Apple is already suing Psystar over its sales of 'clone' computers which can run Apple's operating system and software. It claims that Psystar's behaviour involves trade mark and copyright infringement.

Psystar told reporters at a press conference this week, though, that it will counter with its own law suit alleging anti-competitive practices.

It said that it will file a law suit next week which accuses Apple of illegally tying the sale of one of its products to the sale of another. It will claim that this represents unfair competition in breach of US antitrust laws.

Apple has previously faced legal action over its insistence on close ties between its software and its hardware. Though the success of the iPod music player has driven it to produce iTunes music software for non-Apple PCs, controversy has raged in Europe over iTunes' failure to interact with non-iPod devices.

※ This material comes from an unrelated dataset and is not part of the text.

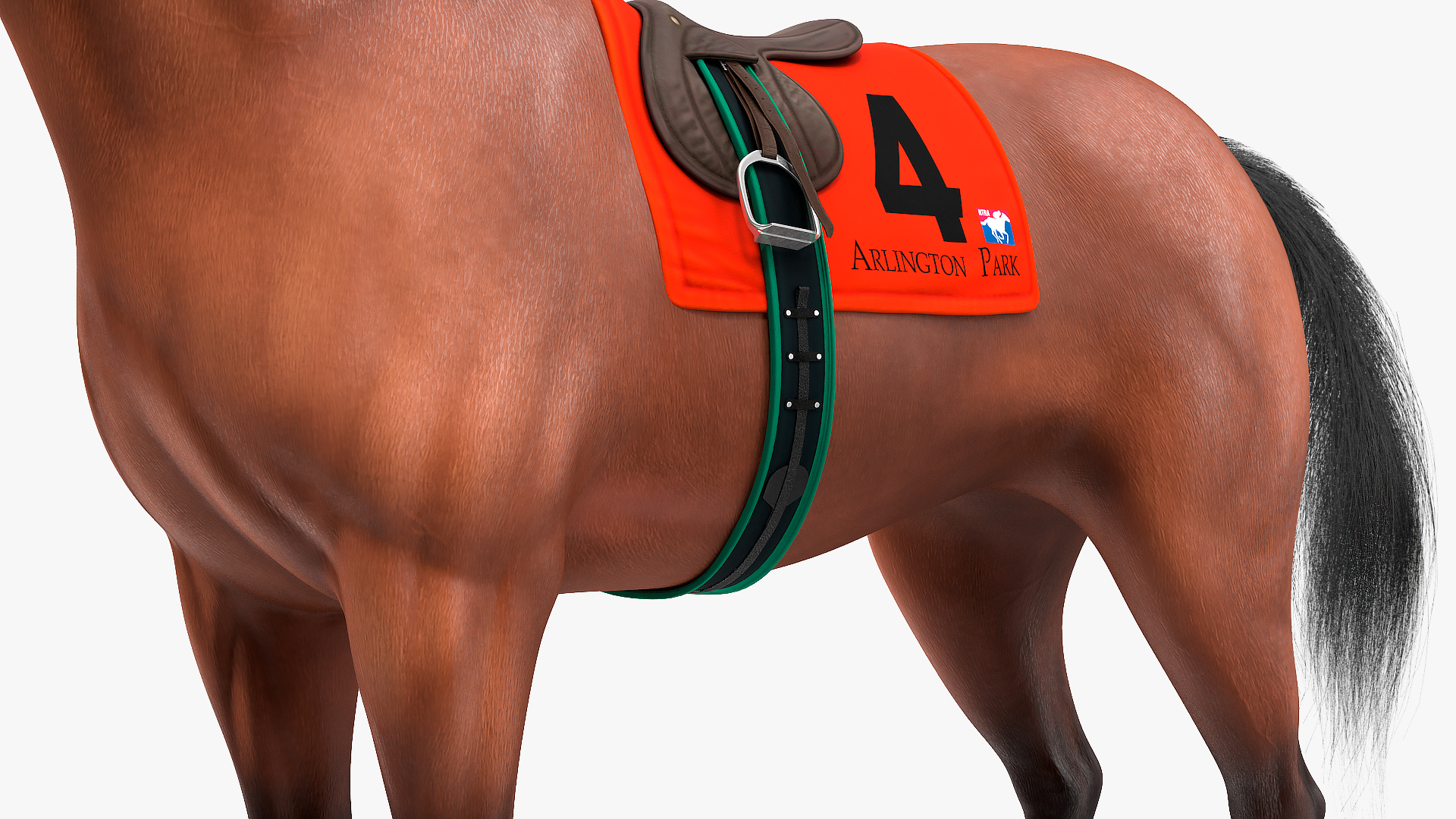 3D model Bay Racing Horse Fur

The tie in became an issue in Norway, where the Ombudsman ruled the link illegal last year.

"It doesn't get any clearer than this. Fairplay is an illegal lock-in technology whose main purpose is to lock the consumers to the total package provided by Apple by blocking interoperability," Torgeir Waterhouse, senior advisor at the Consumer Council told OUT-LAW.COM at the time. "For all practical purposes this means that iTunes Music Store is trying to kill off one the most important building blocks in a well functioning digital society, interoperability, in order to boost its own profits."

Apple has also faced battles with 'clone' computer makers in the past. It even licensed its software for clone makers for a period in the 1990s but stopped that practice when company founder became chief executive for the second time in 1997.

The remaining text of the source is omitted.